But they also are talking about continuing to shrink their balance sheet, which is kind of quantitative tightening. It’s the opposite of what all you heard for years, quantitative easing. So when that came out, the market starts to sell off. And then lo and behold, again, resilient market moves back up.
Thursday same thing. Again, all of this, this whole theme this week and many of you aren’t watching the markets and the tape as closely as I am, and so, but it’s interesting to watch what happens in trading. And by the way, you shouldn’t be. Okay. I’ve got a problem. But you look at this market and you watch it, what the characteristic looks like, and we go back a few weeks ago – every rally was sold. I mean it would start to rally and it was just pounded lower and pounded lower. Now every sell off seems to be bought, and there’s some times where it looks like it should sell off and yet it still gets bought. So it’s interesting to watch the intraday dynamics.
Same thing on Friday. We saw the market down over 200 points on the Dow Jones, and then it finishes almost flat on the day. And I posted an article couple of days ago on our website, eggersscapital.com, and it was titled Here’s the Test.
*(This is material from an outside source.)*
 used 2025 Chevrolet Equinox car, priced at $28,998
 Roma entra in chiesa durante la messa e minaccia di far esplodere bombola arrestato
It was mainly geared towards you technicians or you people that are doing more short-term trading. I say you people like there’s something wrong. It’s, look, we have a vast array of people listening to the podcast. Some are long-term investors. Some are newbies. Some are extremely wealthy. Some are extremely poor. And I say basically starting out, right? They’re just, they’re younger or they just don’t have a ton of money and they’re saying I want to build wealth. So they’re wanting to hear that. So we have people all over the map.
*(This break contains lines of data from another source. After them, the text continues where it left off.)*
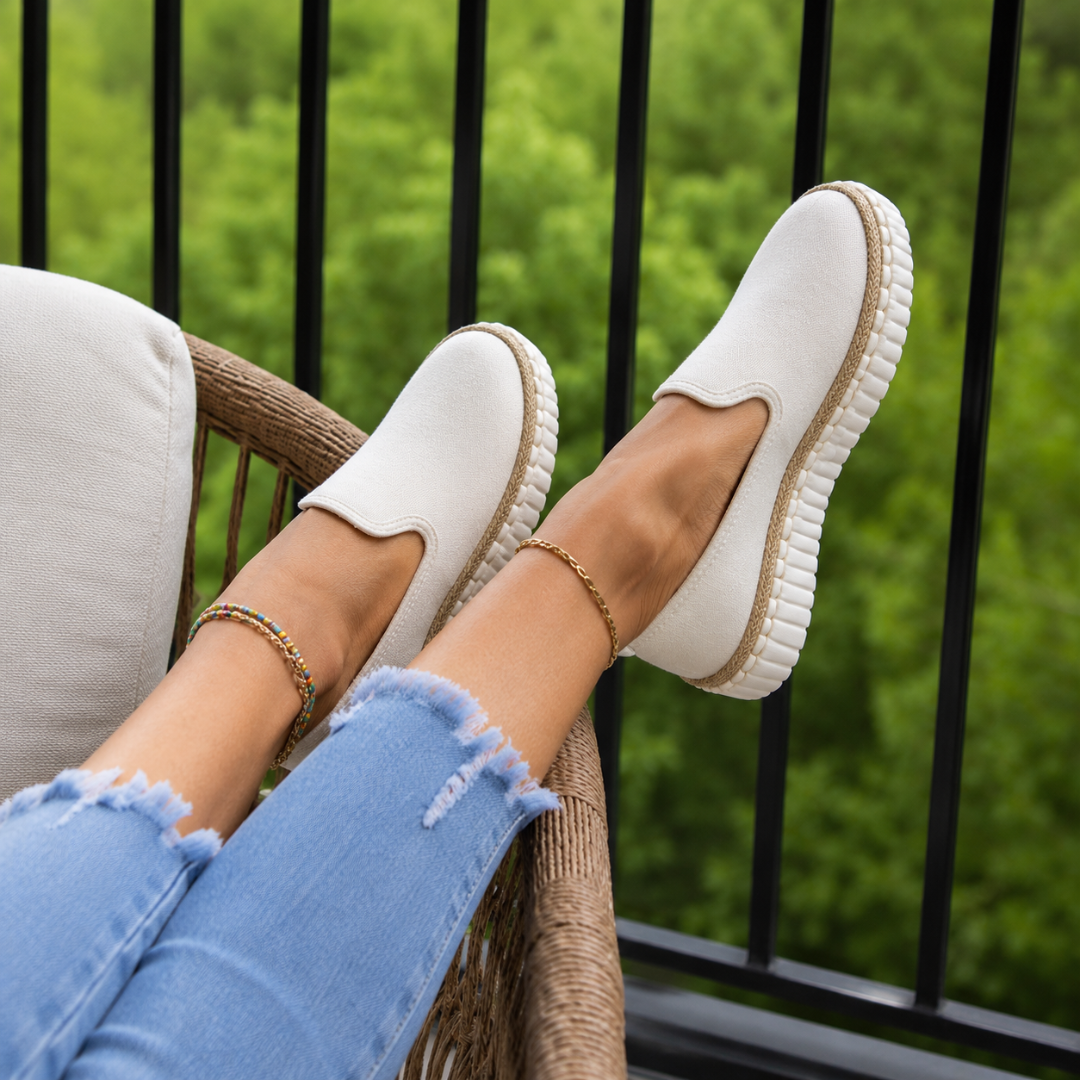 Mocasines Slip-On de Mujer con Suela Ligera y Detalle Trenzado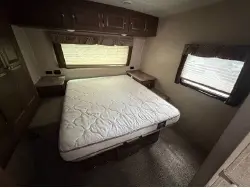2019 Forest River Flagstaff Lite 27RLWS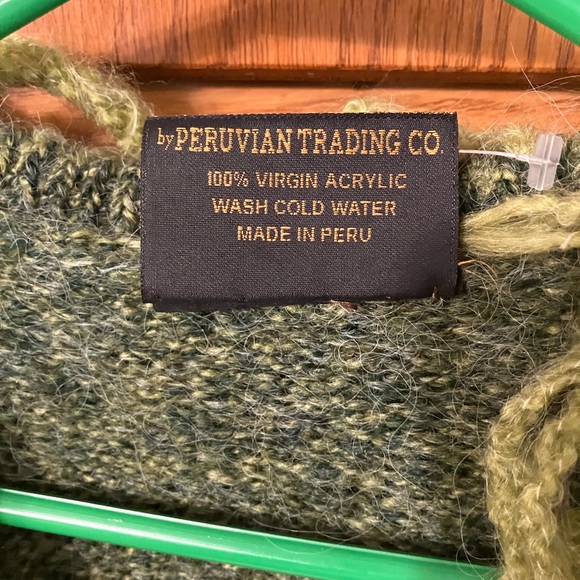 Green Long Cardigan Sweater - Picture 4 of 6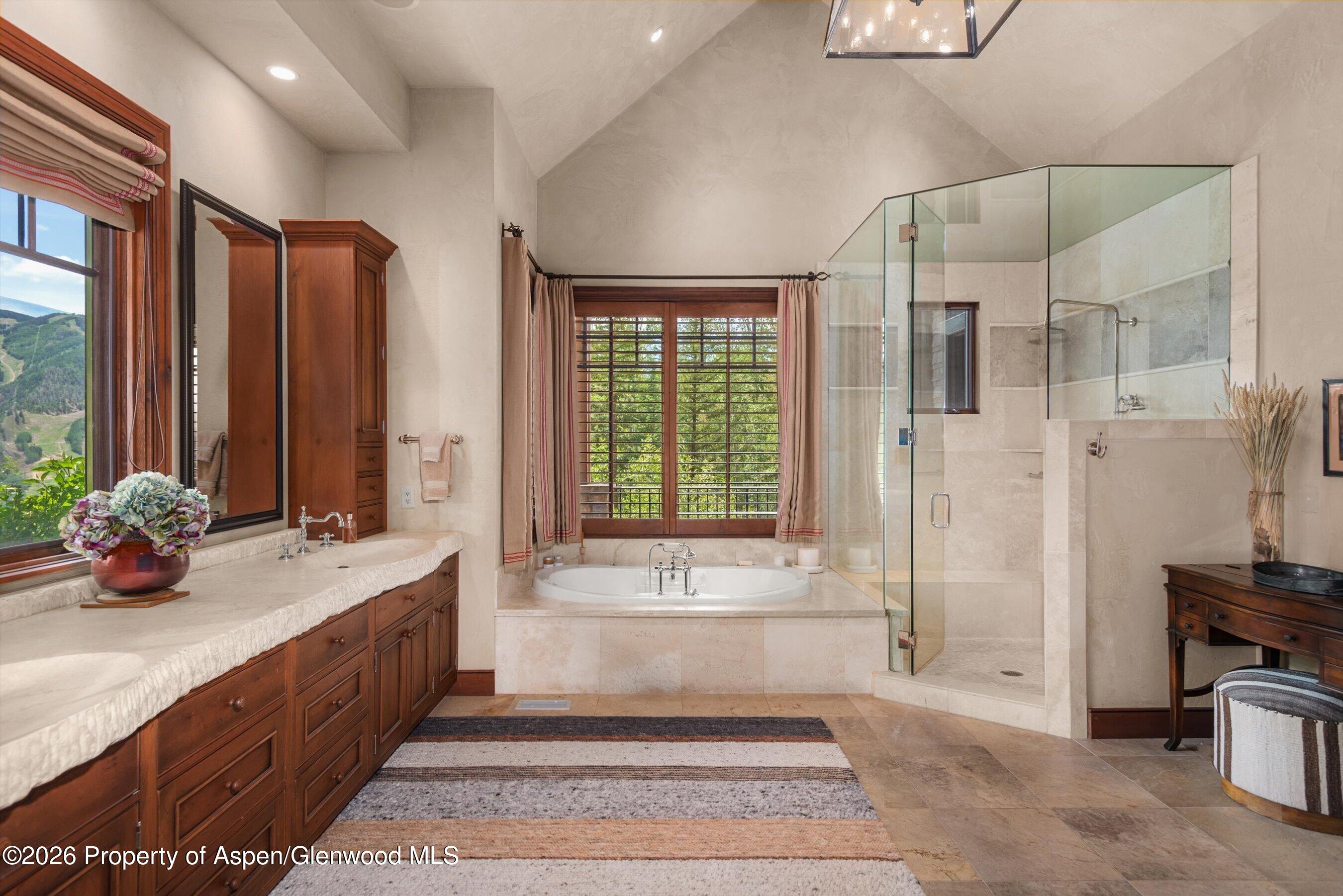 863 Hunter Creek Road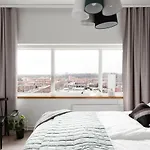 Apartment Sleepwell Itaekeskus, Direct Metro To Center And Bus To Airport *
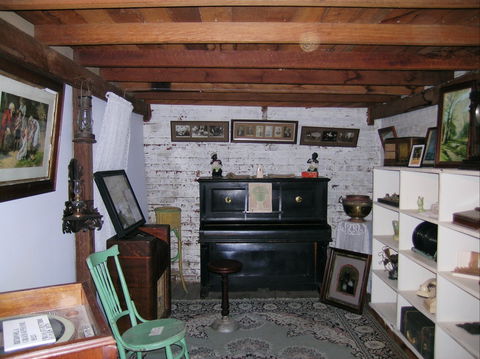 Zara Clark Museum - Kalgoorlie Accommodation 2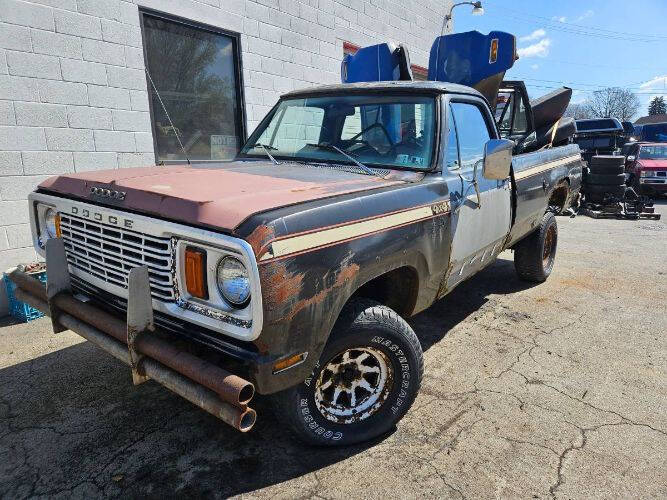 1977 Dodge D150 Pickup
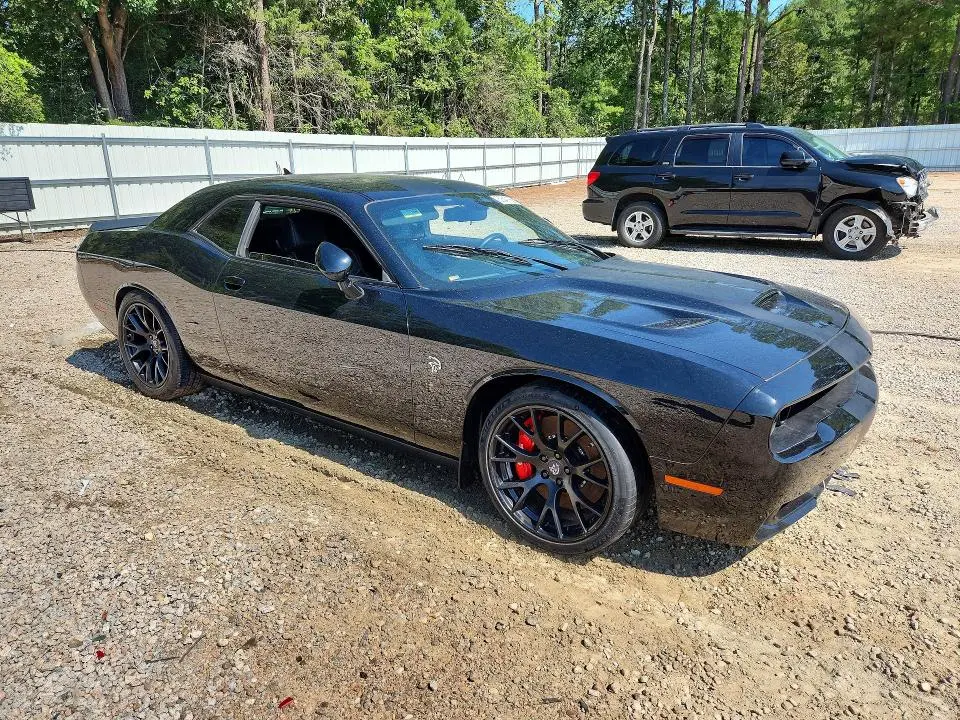2016 DODGE CHALLENGER SRT HELLCAT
And so I talked to a lot of people and we talk about fundamentals but we also talk about technical. So this article was geared towards those people that like to look at the charts. And it’s very clear, like the S&P 500, that 2600 was a line in sand and we’re sitting at it right now. And so what happens is, the technicians will draw lines all over the charts and what looks like a floor, because it keeps bouncing off of this fictitious horizontal line, when it broke through, which was December, now that floor becomes a ceiling. So we’re at this level around 2600 that
… everybody’s looking at it. So it’s kind of a self-fulfilling prophecy, that’s why technicals works to some extent. So I posted that article, and we sit there right now. And if you think about it, it makes sense why we sit there because if you are still sitting on the sidelines, and you’ve seen the markets rally 10-11%, now’s the time where you go, “Do I want to put new money to work?” It’s already run up, right? But the sellers are hesitant because as they’ve been selling short or whatever, they’ve been getting their faces ripped off because the markets been going up.
So you have this stalemate. So it makes sense that we would pause at this level or go down a little or go up a bit. We’ll see, but this isn’t a natural area for it to pause. And by the way, this V-shape recovery we’ve had has been very quick, one of the quickest in history. In terms of the drop and then going back up and bouncing where it has, has been one of the sharpest and shortest in history.
That doesn’t tell you a lot, but the bears are saying, “Hey, this looks like a bear market rally.” Go back to ’08. We had some of the biggest rallies in 2008. As it was going down, it went down so fast that it would have sharp recoveries. I mean, there was one that was 10 or 11% in one day, but then it would just sell off, so you had this stair step down, basically. And the bears are saying, “That’s what we’re in right now.” The bulls are saying, “We’re not in that. Things aren’t near as bad as they were in ’08, and we’re not having that.” But, you don’t typically see a V like this that just keeps going. So do we expect it to pause and even pull back a little bit? Yes. I don’t know if it’s going to test the lows or even go to the lows. I don’t think that’s going to happen because, again, it’s a very different situation, but here’s what’s going on in the big picture.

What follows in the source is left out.